Wenige Menschen harren in der «Todeszone» bei Fukushima aus. Sie haben jede Hoffnung verloren.
Auf den Wiesen am Ortseingang liegen Kadaver verendeter Kühe und Hühner, ein übler Geruch durchdringt die Luft. In den Vorgärten der kleinen japanischen Holzhäuschen wuchern wilde Pflanzen, tummelt sich massenhaft Ungeziefer. Aus den geborstenen Strassen schiesst Unkraut. Tomioka in der Präfektur Fukushima gleicht nicht nur einer Geisterstadt. Der Ort, den einst 16 000 Menschen ihre Heimat nannten, ist wirklich gottverlassen, stirbt menschenleer vor sich hin.
Das Jahrhundertbeben am 11. März hat den Flecken im Nordosten Japans in einem Masse verwüstet und entstellt, dass er wohl für Generationen unbewohnbar bleibt. Nukleares Niemandsland, nach Beben, Tsunami und dem Desaster im nahe liegenden Atomkraftwerk fluchtartig verlassen aus Angst vor radioaktiver Verseuchung.
Alltag in der Todeszone
Die Zahl der Einwohner von Tomioka heute: ganze 1. Naoto Matsumara lebt hier völlig allein, ernährt sich von selbst geangeltem Fisch und Konserven, die er sich aus weit entfernten Supermärkten besorgt. Zur Stromversorgung nutzt er Uralt-Generatoren, das Wasser kommt aus einem privaten Brunnen. Sein einziger lebender Kontakt und Begleiter ist der Hund Aki.
Der 53-jährige Reisbauer weigert sich ungeachtet der Regierungsorder, das verstrahlte Gebiet zu verlassen. «Wenn ich aufgebe und den Ort verlasse, dann ist endgültig alles vorbei», motiviert sich der letzte Verbliebene von Tomioka. «Es ist meine Verantwortung und mein Recht», fügt er ernsthaft hinzu.

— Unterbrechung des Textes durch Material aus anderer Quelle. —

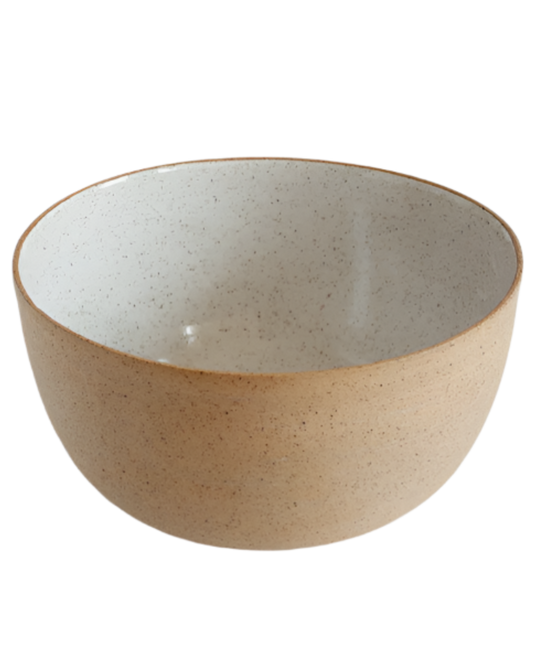 STONEWARE SALAD SERVING BOWL - NUDE WHITE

Was wie Rebellion, ziviler Ungehorsam oder ohne Sinn und Verstand wirkt, ist pure Verzweiflung und Trotz. Denn eigentlich wollte auch Naoto Matsumara seine Heimatstadt verlassen. Er fuhr zu einer Verwandten im Glauben, dort für eine Weile bleiben zu können. «Aber meine Cousine hat mich nicht einmal über die Türschwelle treten lassen, weil sie Angst hatte, ich sei kontaminiert.»
Danach versuchte er es in einem Evakuierungszentrum, aber dort nahmen sie ihn nicht auf, weil es keinen Platz mehr gab. «Das hat mir gereicht und mich bewogen, wieder nach Hause zu gehen.»

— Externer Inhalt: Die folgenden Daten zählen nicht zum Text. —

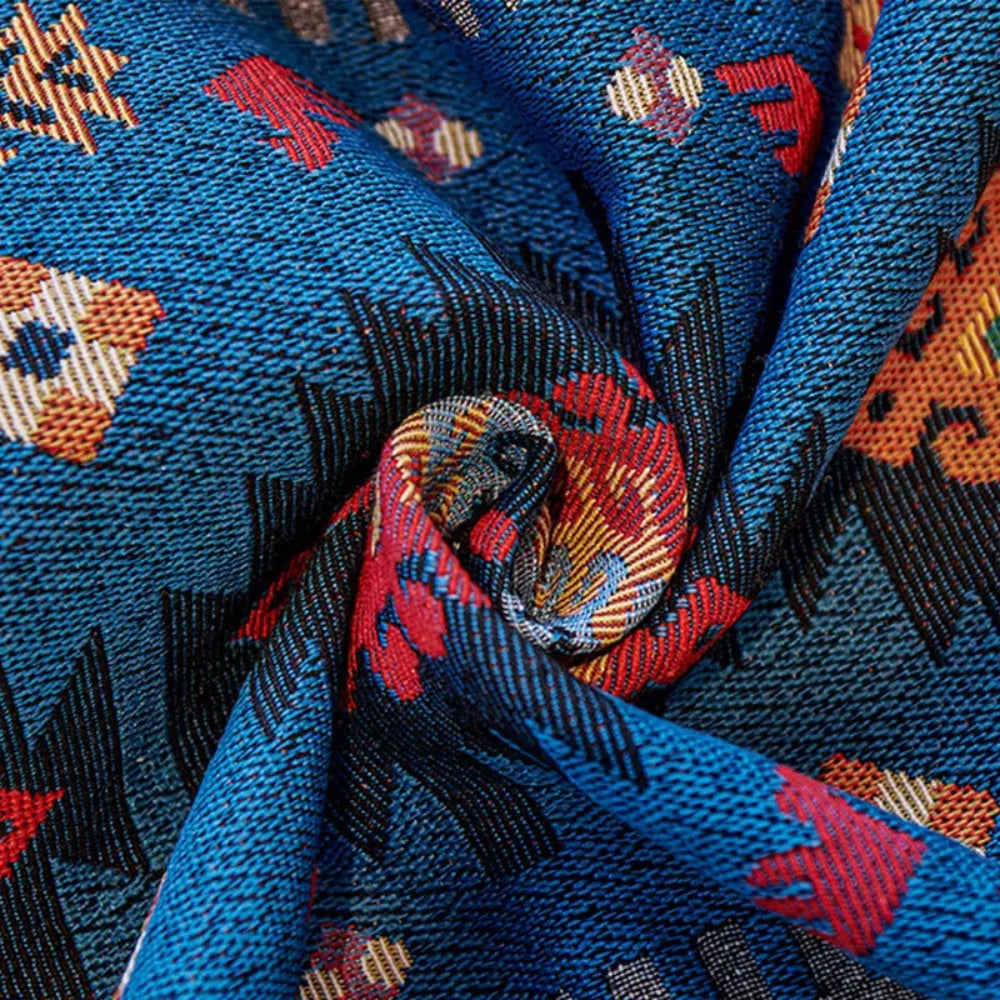 Housse de canapé boho aux couleurs géométriques vives et élégantes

Obwohl der Einsiedler auch weiss, dass die radioaktive Strahlung nach der Havarie in Fukushima 168-mal höher war als die der Atombombe von Hiroshima und die Krebsgefahr akut ist, bleibt er eben. Wo soll er auch hingehen? Die Polizei, die den abgeriegelten Ort regelmässig kontrolliert, übersieht den Mann einfach, obwohl jeder in der Verbotszone eigentlich verhaftet und bestraft werden sollte. Würde sie eingreifen, müsste der Staat direkte Verantwortung übernehmen, für Abhilfe sorgen. Also überlässt sie ihn lieber seinem «selbstgewählten» Schicksal.
Nicht so extrem, aber ähnlich gross ist das Dilemma Tausender «Atomflüchtlinge», die ihre Städte und Dörfer rund um das AKW Fukushima nach den Havarien verlassen sollten. Die Regierung hat zwar Verbotszonen erlassen, aber die Menschen mussten meist allein eine andere Bleibe finden. Auf Hilfsbereitschaft und Gemeinsinn hofften in dieser fatalen Lage viele vergeblich. «Man will uns einfach vergessen», klagt Matsumara. «Das ganze Land macht weiter wie bisher, und die anderen wollen nicht an uns denken.»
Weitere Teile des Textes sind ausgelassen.